- [Assigned task] When you reach the line containing "Thị trấn onsen Isawa", repeat that line and each one after it exactly until the records end, leaving out pictures.

[Records for processing Boundary: Start]

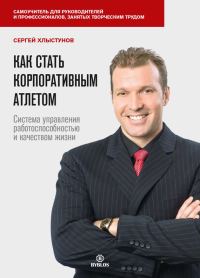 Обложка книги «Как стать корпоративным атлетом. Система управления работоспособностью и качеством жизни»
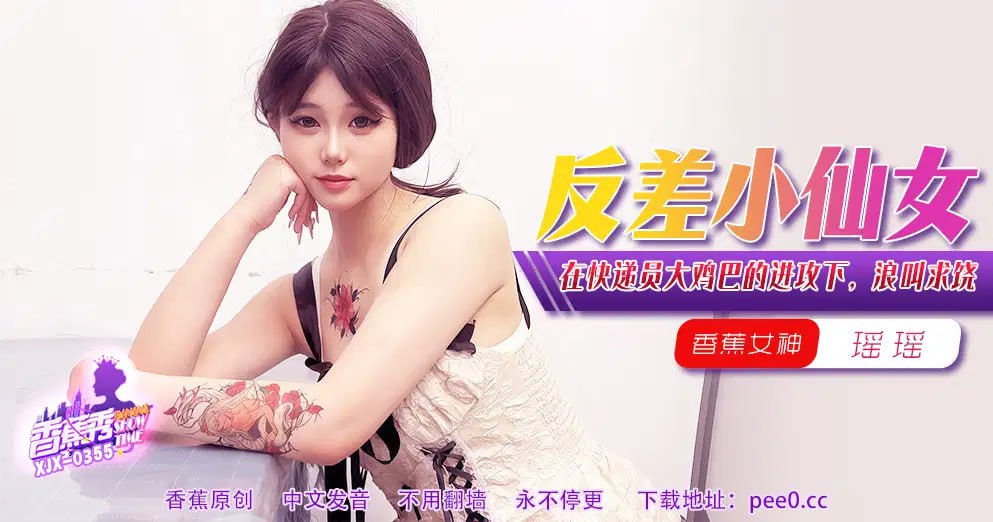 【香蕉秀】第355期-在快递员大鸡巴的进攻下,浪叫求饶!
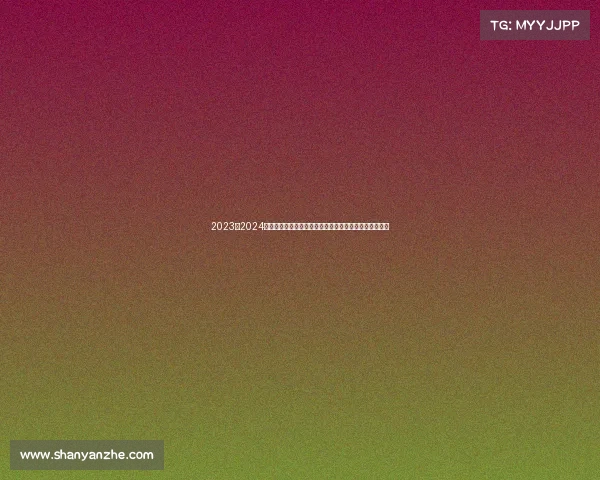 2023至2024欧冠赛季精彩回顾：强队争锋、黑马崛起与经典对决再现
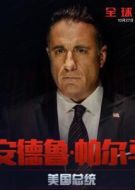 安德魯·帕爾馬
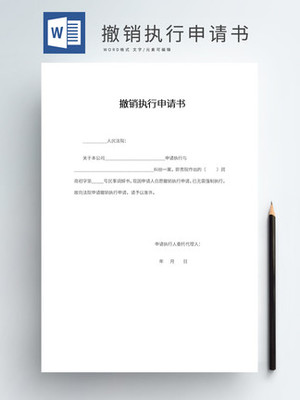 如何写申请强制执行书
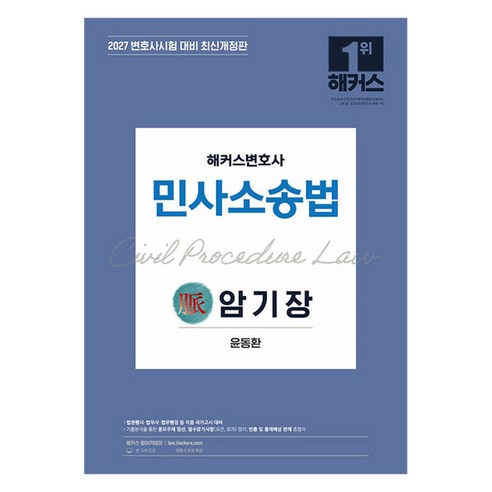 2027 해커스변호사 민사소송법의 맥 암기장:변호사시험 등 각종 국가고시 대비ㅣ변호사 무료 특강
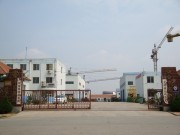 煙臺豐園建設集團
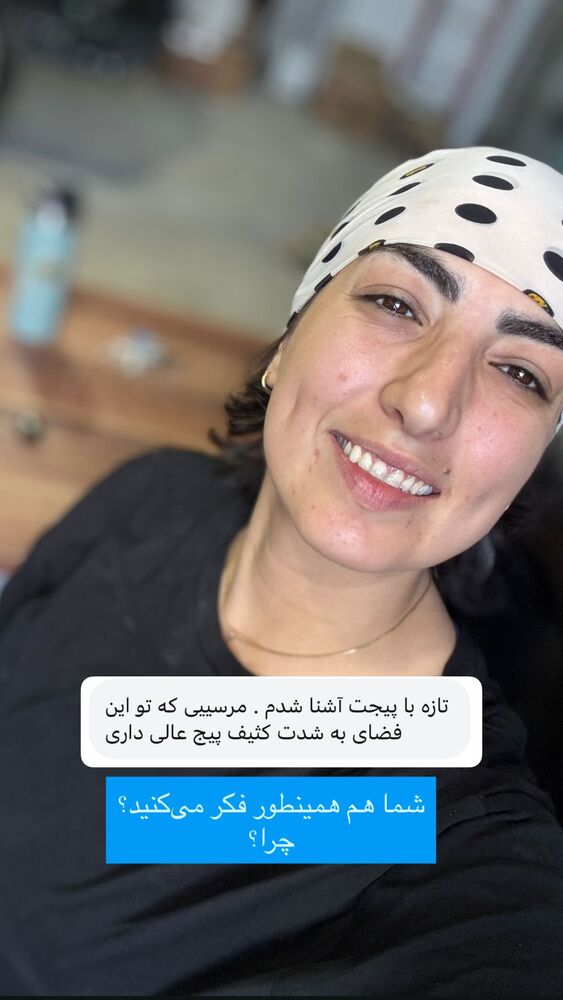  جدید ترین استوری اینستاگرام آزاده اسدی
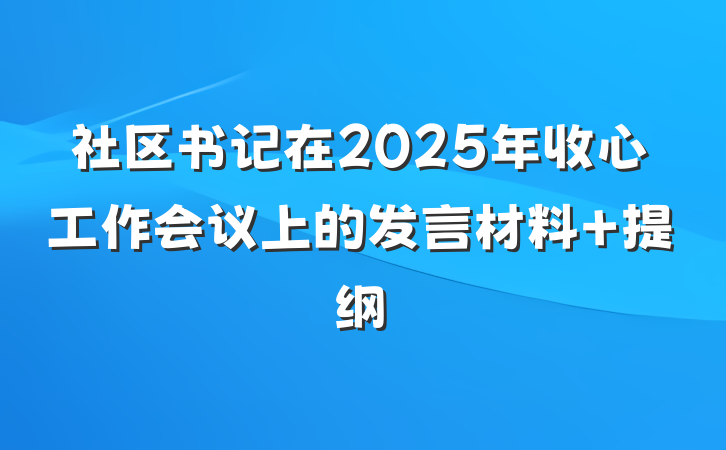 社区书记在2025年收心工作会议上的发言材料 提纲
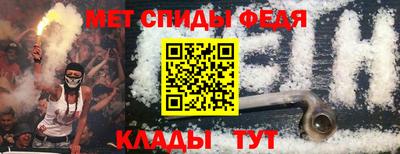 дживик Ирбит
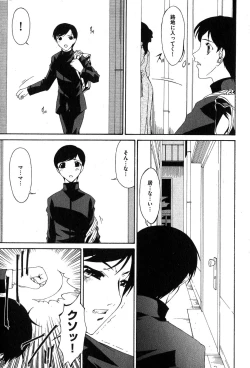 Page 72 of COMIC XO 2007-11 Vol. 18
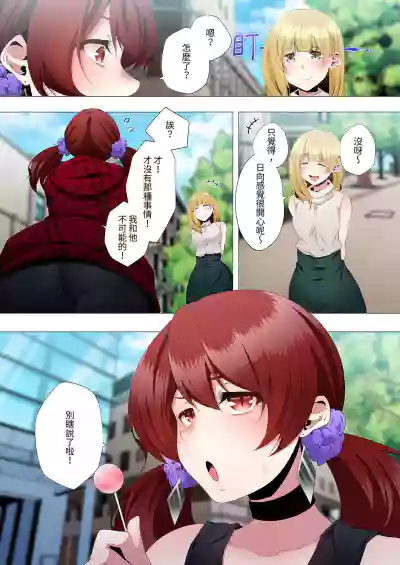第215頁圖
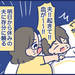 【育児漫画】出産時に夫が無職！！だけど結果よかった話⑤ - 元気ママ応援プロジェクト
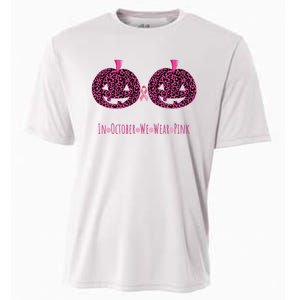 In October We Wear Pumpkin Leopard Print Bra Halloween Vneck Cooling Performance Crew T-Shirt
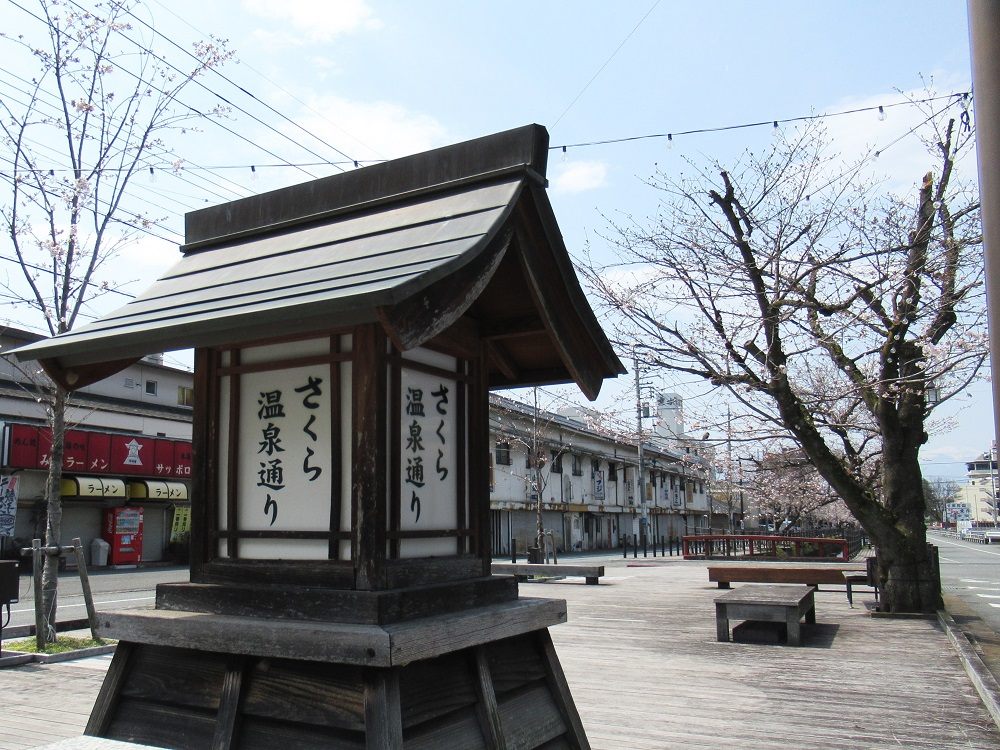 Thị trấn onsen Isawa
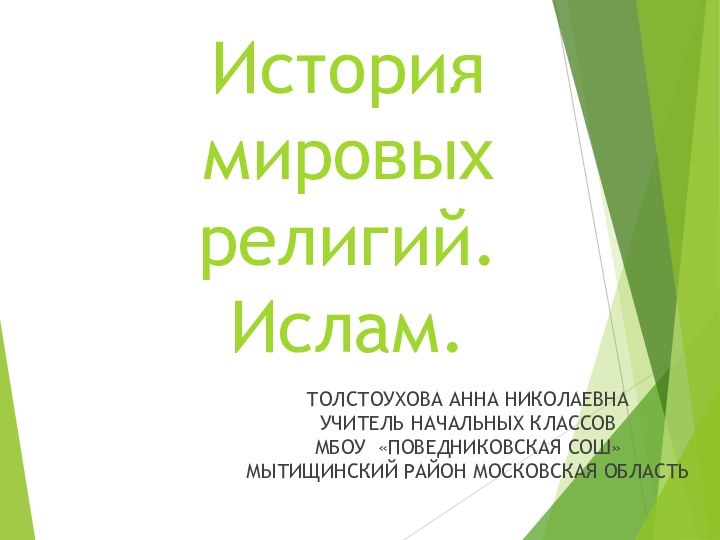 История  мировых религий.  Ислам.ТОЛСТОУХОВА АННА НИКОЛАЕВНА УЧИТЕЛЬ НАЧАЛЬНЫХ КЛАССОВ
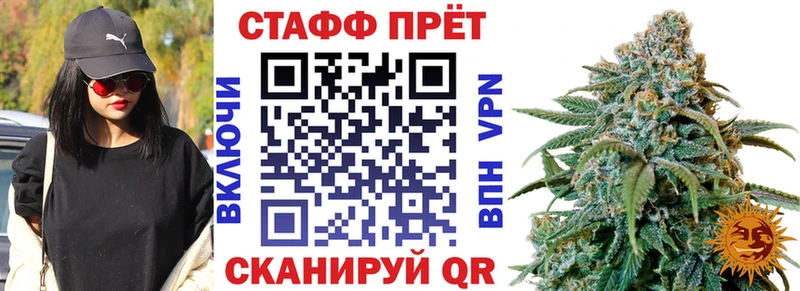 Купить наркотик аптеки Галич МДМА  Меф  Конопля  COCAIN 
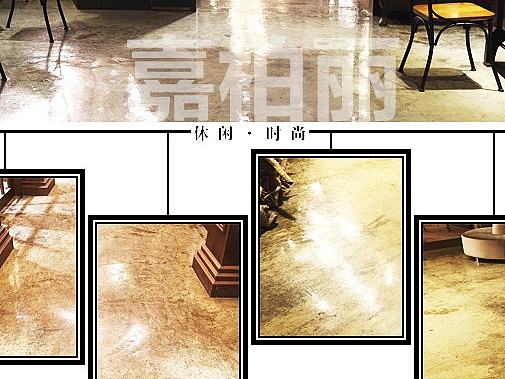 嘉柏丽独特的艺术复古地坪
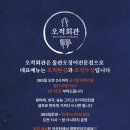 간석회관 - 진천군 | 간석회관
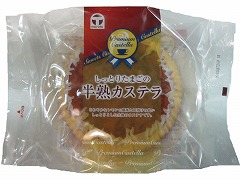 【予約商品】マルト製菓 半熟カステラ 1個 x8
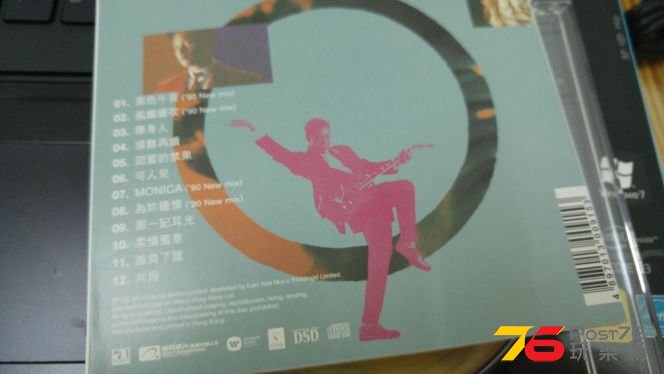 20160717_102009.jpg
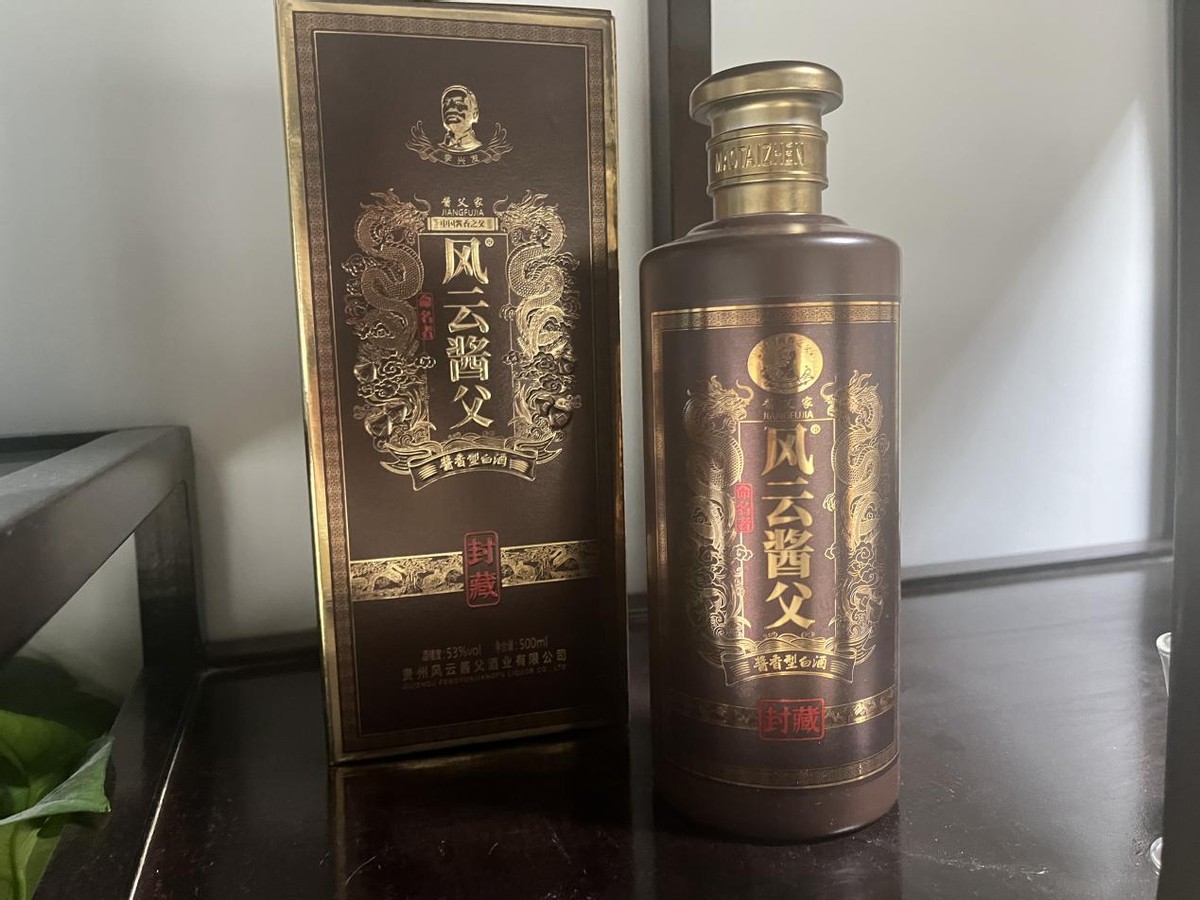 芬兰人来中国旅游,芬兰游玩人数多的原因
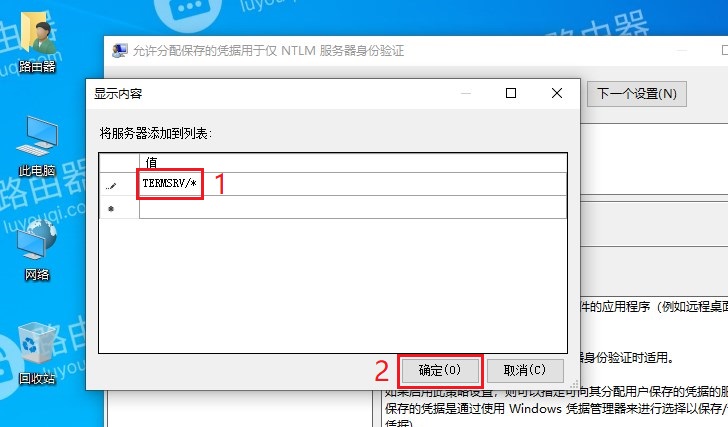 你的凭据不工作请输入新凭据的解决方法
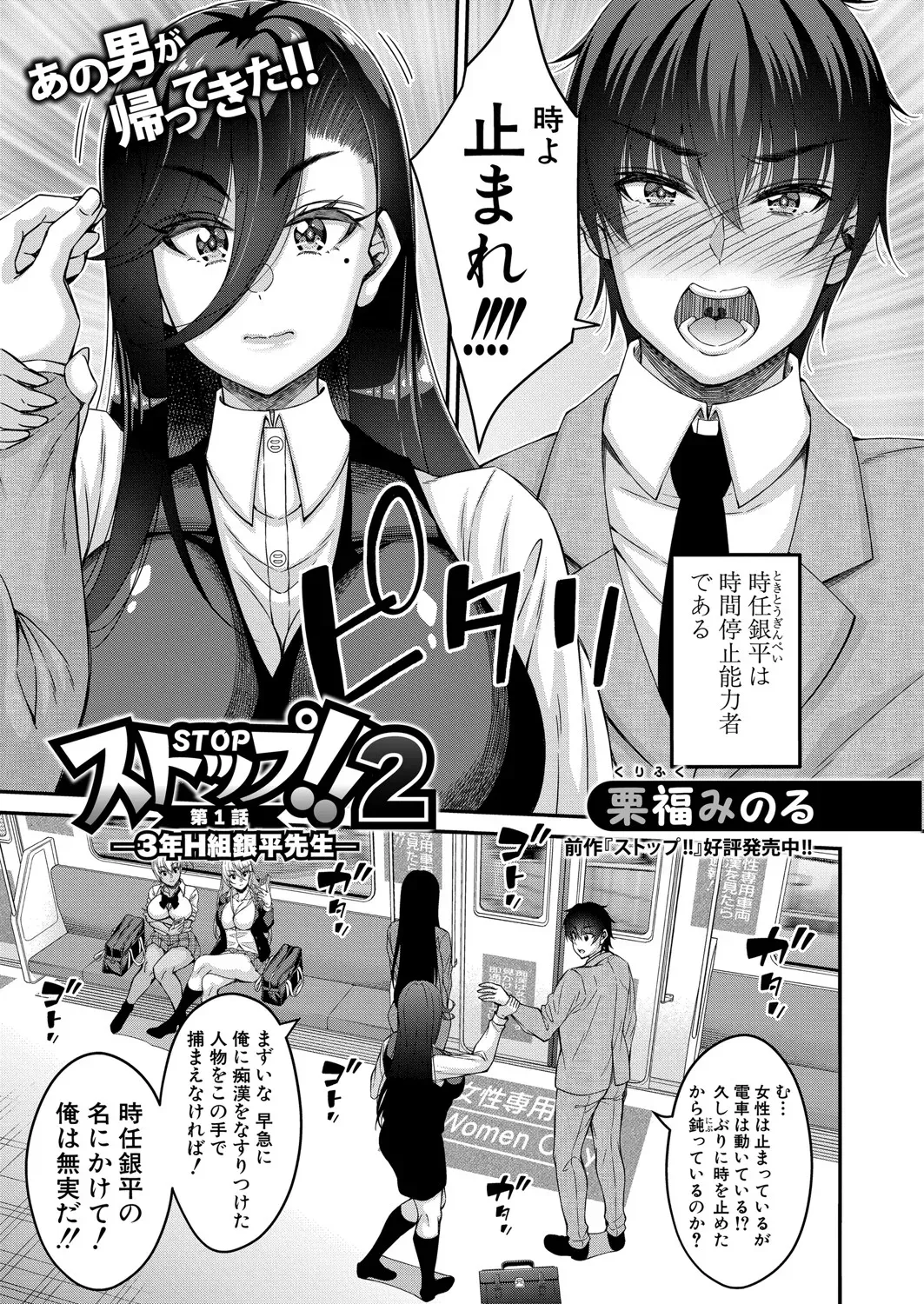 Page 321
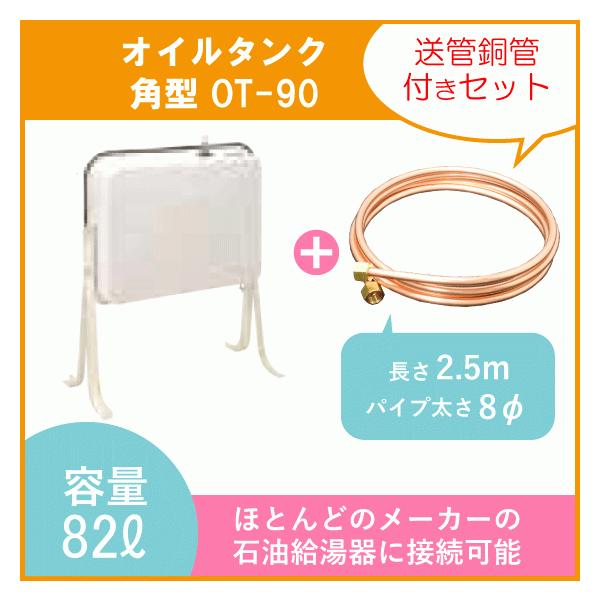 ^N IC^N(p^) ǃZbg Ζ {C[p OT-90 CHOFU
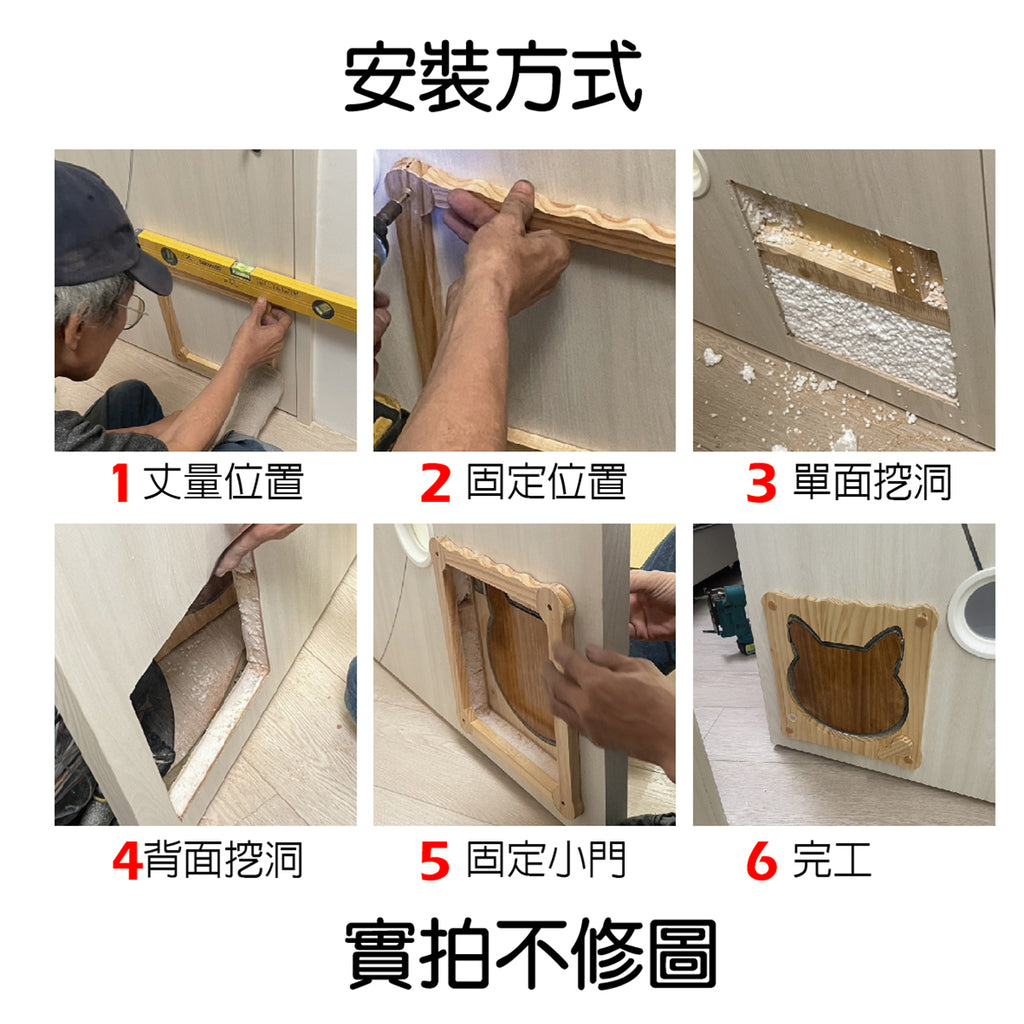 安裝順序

[Records for processing Boundary: End]

- [Reply to the exercise]
 Thị trấn onsen Isawa
 История  мировых религий.  Ислам.ТОЛСТОУХОВА АННА НИКОЛАЕВНА УЧИТЕЛЬ НАЧАЛЬНЫХ КЛАССОВ
 Купить наркотик аптеки Галич МДМА  Меф  Конопля  COCAIN 
 嘉柏丽独特的艺术复古地坪
 간석회관 - 진천군 | 간석회관
 【予約商品】マルト製菓 半熟カステラ 1個 x8
 20160717_102009.jpg
 芬兰人来中国旅游,芬兰游玩人数多的原因
 你的凭据不工作请输入新凭据的解决方法
 Page 321
 ^N IC^N(p^) ǃZbg Ζ {C[p OT-90 CHOFU
 安裝順序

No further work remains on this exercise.